The phase III, open-label trial randomly assigned 519 patients who had received at least two prior cytotoxic regimens for metastatic triple-negative breast cancer to 21-day cycles of gemcitabine (1,000 mg/m2 IV) and carboplatin (area under the curve 2 IV), both on days 1 and 8, or the same chemotherapy doublet plus iniparib (5.6 mg/kg IV) on days 1, 4, 8 and 11.
The overall response rates by independent radiology review were 30% among the 258 chemotherapy patients and 34% among the 261 iniparib patients, Dr. O’Shaughnessy said. The clinical benefit rates were 36% and 41%.

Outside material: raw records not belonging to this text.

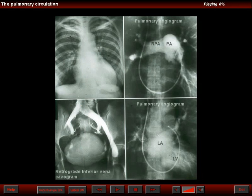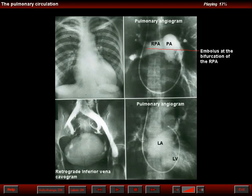The top right image is from a pulmonary angiogram. There were elevated pressures in the pulmonary artery. Note a saddle thrombus in the bifurcation of the right pulmonary artery. This explains the pulmonary oligemia.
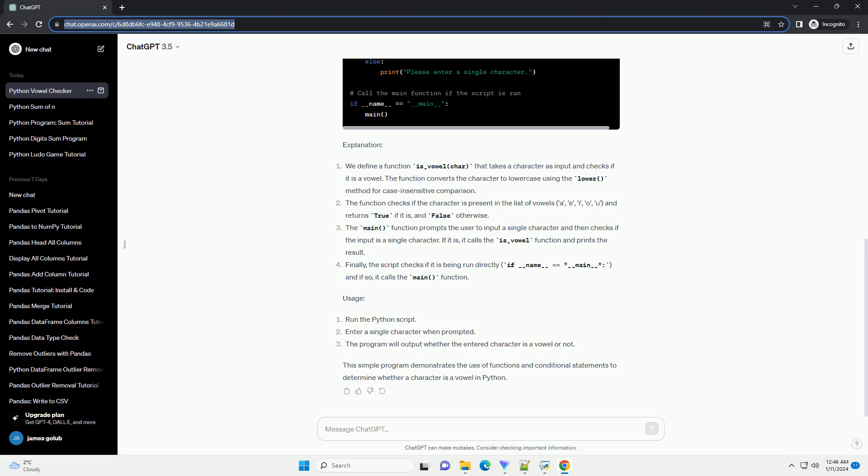Usage: This simple program demonstrates the use of functions and conditional statements to determine whether a character is a vowel in Python.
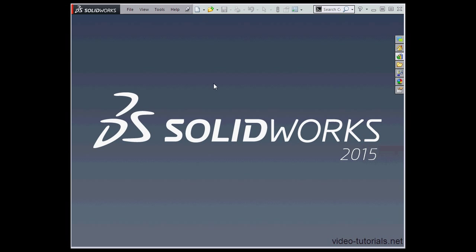Welcome to our video about the SOLIDWORKS interface. Let's start here by creating a new document.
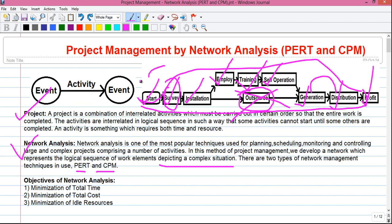An activity has a fixed time of start and fixed time of end in the project timeline. For example, if you start your journey on the evening of June 5th and finish at the morning of June 6th, your travel time is marked in the project timeline — the transportation activity takes 10 hours. So each activity has a specific time of start and specific time of end in the project timeline.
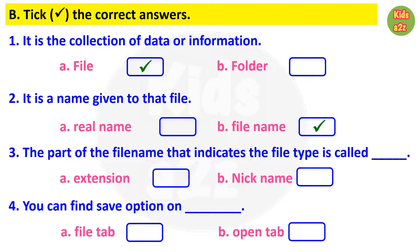Question 3: the part of the file name that indicates the file type is called — answer is option A, extension. Question 4: you can find the save option on — answer is option A, file tab.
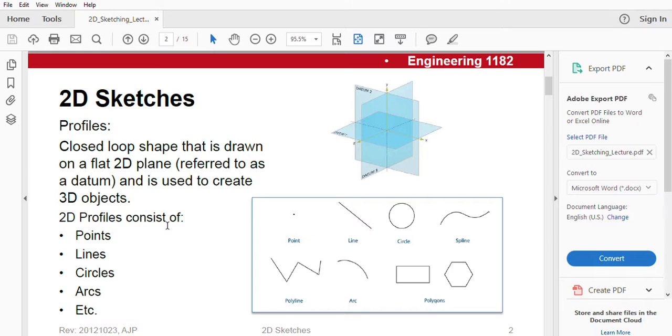By profiles, we mean closed-loop shape that is drawn on a flat 2D plane, referred to as a datum and is used to create 3D objects.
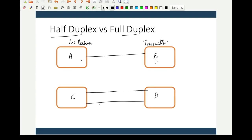In the case of full duplex, you can send as well as receive data at the same time since there are two lines. One line is used for transmitting and the other for receiving. Both can happen together. Full duplex has the advantage that you can send and receive simultaneously, so the exchange of data between two systems is faster compared to half duplex.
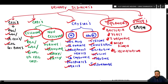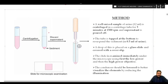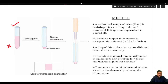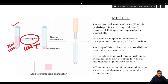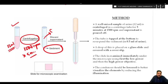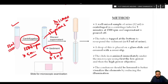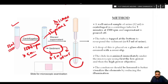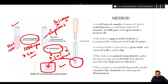To prepare a urinary sediment, take a well-mixed 12 ml urine sample in a test tube and centrifuge it at 1500 RPM for five minutes. After centrifugation, discard the supernatant, leaving behind only 0.5 ml of urine. Resuspend the sediment by tapping at the bottom of the test tube to get a resuspended urine sample.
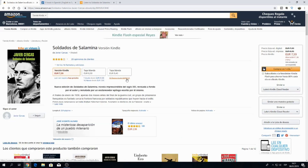Once that's done and you've got your address set up, you can simply click the purchase button on the right-hand side and you should be able to download the book just like you would on the English version of Amazon.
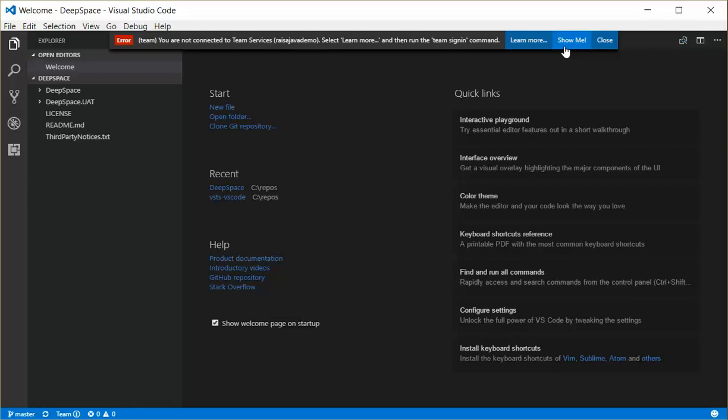It's important to note that with our recently released TFVC support, you can also open a local TFVC workspace that you previously created, and you'll also be prompted for credentials.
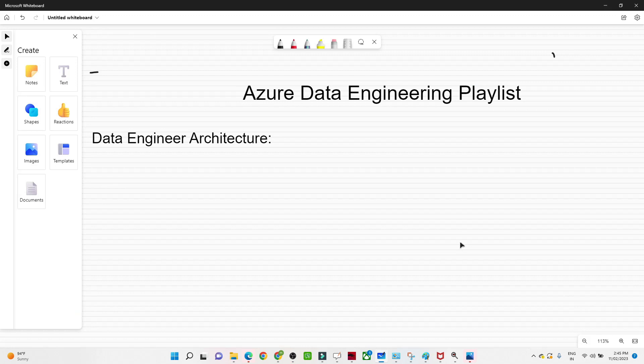Hello everyone. In this video we are going to understand the data engineer architecture. We will try to understand what is the role of a data engineer and what kind of problems they actually try to solve. I will bring an architecture diagram and explain what kind of problems data engineers try to solve.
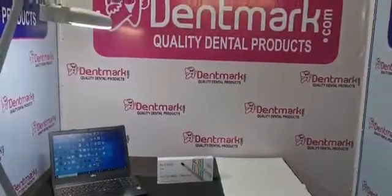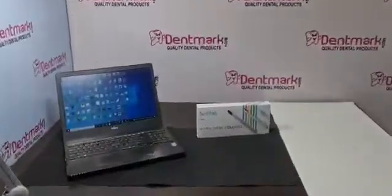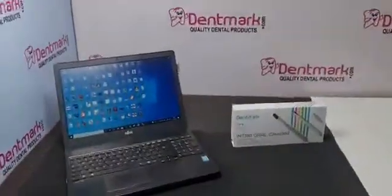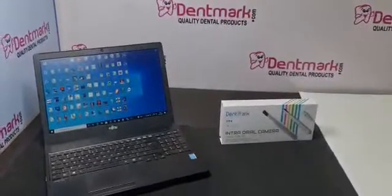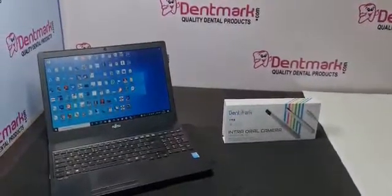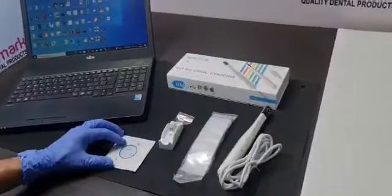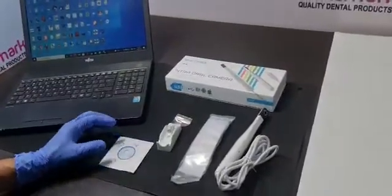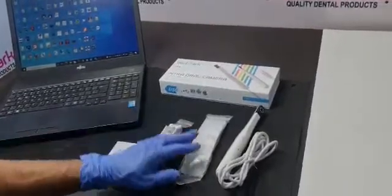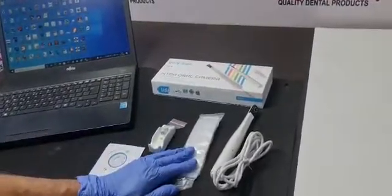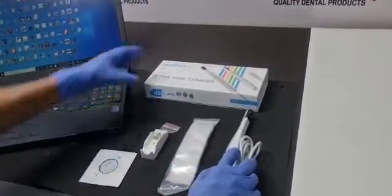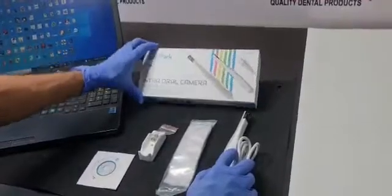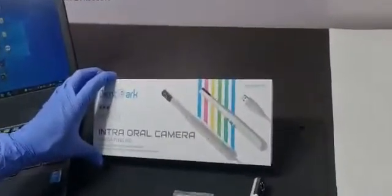Dentmark is going to show you the intra oral camera, USB intra camera 5 megapixel and the model is DM2060. So it comes with software CD, camera stand, sleeves and camera. So this is 5 megapixel HD camera.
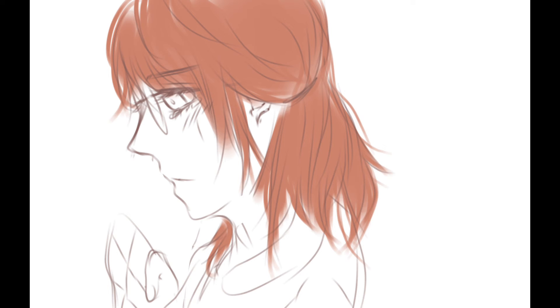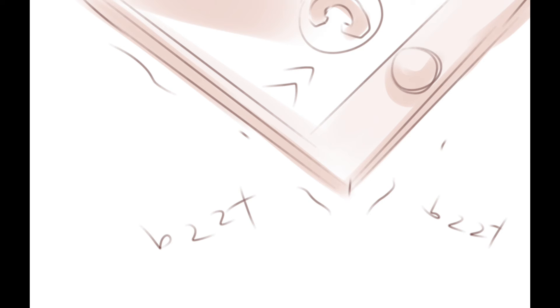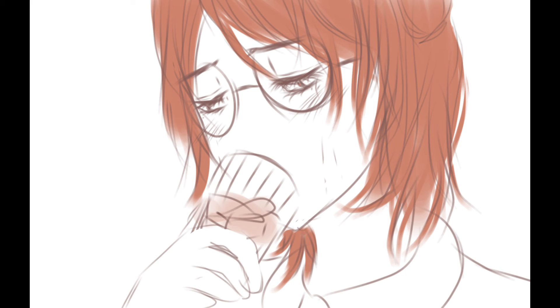But I'm a creep, I'm a weirdo. What the hell am I doing here? I don't belong here. Don't care if it hurts.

The toxicity of iniparib plus gemcitabine and carboplatin was comparable with that of chemotherapy alone. One death from upper GI hemorrhage was attributed to iniparib therapy. Biomarker analyses are underway to evaluate patient populations that may benefit from iniparib, she said.
Sanofi-Aventis sponsored the trial in collaboration with BiPar Sciences. Dr. O’Shaughnessy disclosed honoraria from Sanofi-Aventis, which provided editorial support for the trial. A coauthor reported consulting/advising for Sanofi-Aventis. Dr. Carey disclosed consulting or advising for Sanofi-Aventis, Genentech, Novartis, GlaxoSmithKline, Pfizer, Schering-Plough and Wyeth.